Friday, March 4, 2011

Been Here a Week Today

We arrived in Nauvoo a week ago today.  We're pretty well settled in.  It is spring here today.  It is 10 a.m. and 55 degrees.  I have the back door open and there are so many birds singing in the backyard. I just heard one I didn't recognize and got up to look.  It was a bluejay; not the kind we have at home but the one you see in pictures; really blue with a peak (comb?) on the top of his head.  I've learned to recognize the cardinals song and we see them everyday now.  The squirrels are running all over too.  Things are waking up.  I put a bird feeder outside our window and a chickadee came to it this morning.  I told President Kirkham I would like to serve a couple of days a week with NRI (Nauvoo Restoration Inc.) weeding, and planting.  He said they are going to need people to do that soon. 

The corn bugs are thriving, especially in the upper floor of our home.  I kill at least twenty every day.  I don't know if its just the time of year or if we will always have them, or even where they're coming from.  They're easy to catch but I'm sick of them. 

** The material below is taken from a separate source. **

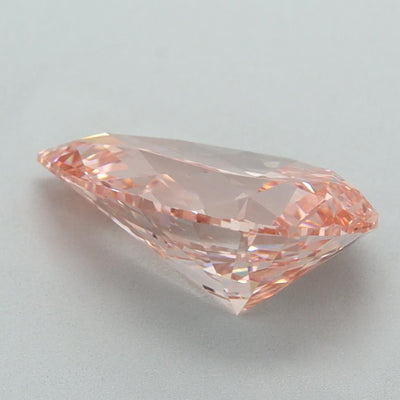3.10 Carat Pear Lab Diamond :: Greenstar spin frame 07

Poppa is serving in the blacksmith shop today and I am going to the cultural hall.  I served in the Brigham Young Home two days this week.  I am so impressed by the faith that these people had to follow the prophet and leave their homes here to head West.  There's a line in Rendezvous (the nightly program in the Cultural Hall) that says "The Lord has provided for our rescue.  Our safety lies in the Rocky Mountains".  Joseph Smith and Brigham Young knew through revelation where to take the people so they would be safe from the mobs.  We have a living prophet today who guides us through revelation and we can be safe from the confusing and sometimes dangerous influences around us if we follow his direction.  What a blessing that is for us.  Love you all.  Be good.  We miss you.  Grandma Jann

1 comment:

  1. I can tell you are already starting to find yourself intoxicated by the midwestern beauty -- I can still hear the liquid, curling calls of the cardinals that sat outside our doors when we lived in Iowa.